Director: Ted Post
Starring: Chuck Norris, Anne Archer, Dana Andrews, James Franciscus
Running Time: 96 minutes
Synopsis: In 1973, Senator Conrad Morgan (James Franciscus) is leading negotiations to end the Vietnam War. A CIA special forces unit known as the Black Tigers, led by Major John T. Booker (Chuck Norris), is ambushed while on a covert mission to rescue American prisoners in the Vietnam jungle. Five years later in Los Angeles, Booker is approached by the mysterious Margaret (Anne Archer), who is asking questions about the botched mission. Booker learns that other Tiger veterans are being murdered, and uncovers a conspiracy.

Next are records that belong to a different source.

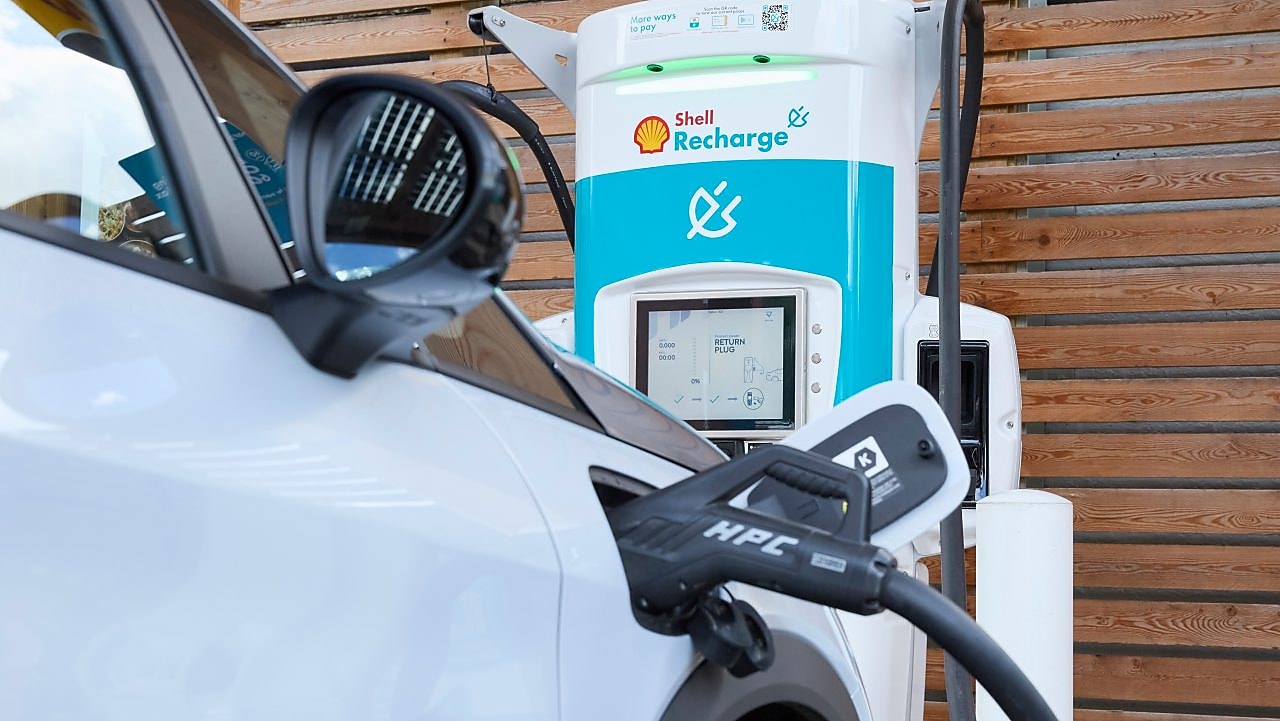 two electric vehicle charge posts where one of the posts is charging a car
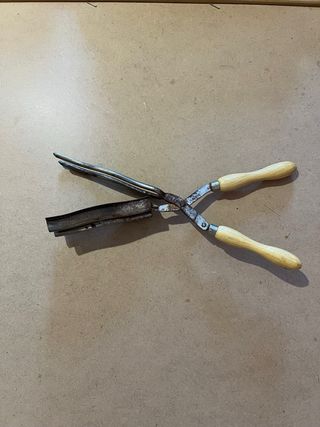 Tenacilla rizador antigua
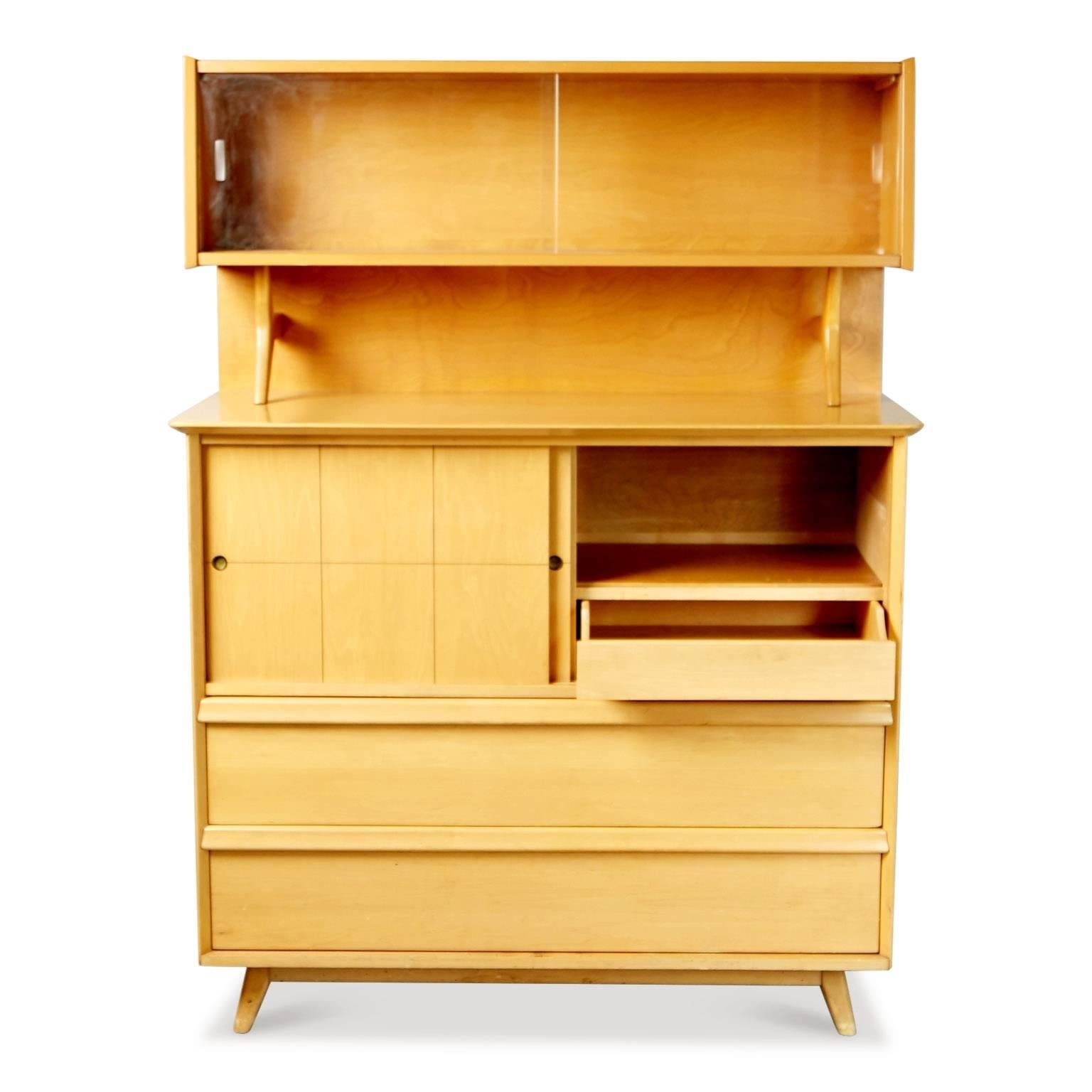 A very cute sculptural Mid-Century Modern cabinet with display hutch by Baumritter, circa 1955. 

This display cabinet is fabricated from golden toned maple with multiple compartments and shelving options, offering a wealth of storage options. The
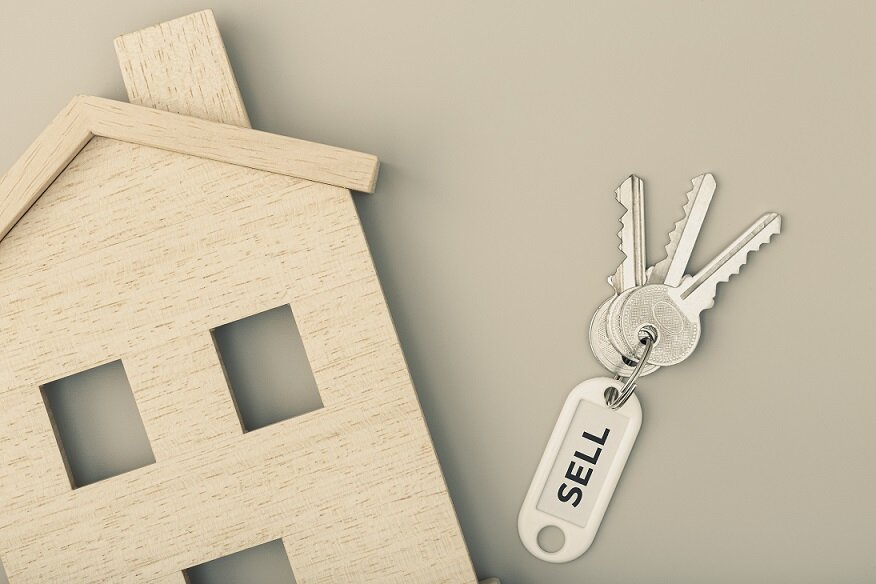 Selling a house concept. Real estate market. House icon with keys. Copy space. Top view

What Works Well: This lower-budget effort provides Chuck Norris with a career boost away from pure martial arts movies (although he does chop his way through a few action scenes). The plot has decent ambitions to combine mistrust of government agendas with regular bursts of action, and director Ted Post occasionally threatens to breach not-bad levels. Dan Andrews enlivens a couple of scenes with seen-it-all cynicism.
What Does Not Work As Well: The sequence in the Vietnam jungle is too dark to discern what is going on. All the characters lack depth, and despite a decent cast, the acting is strictly monotonal. Norris displays a remarkable inability to display any emotion, and so making love to Margaret or reacting to the death of colleagues all come and go with the same cold detachment. Loose ends and logic gaps prevail, and in the jumbled rush to find an ending, plenty of conspiracy specifics go missing in action.
Key Quote:
John Booker (realizing the mission is compromised): Everything went wrong by the numbers. And that takes planning.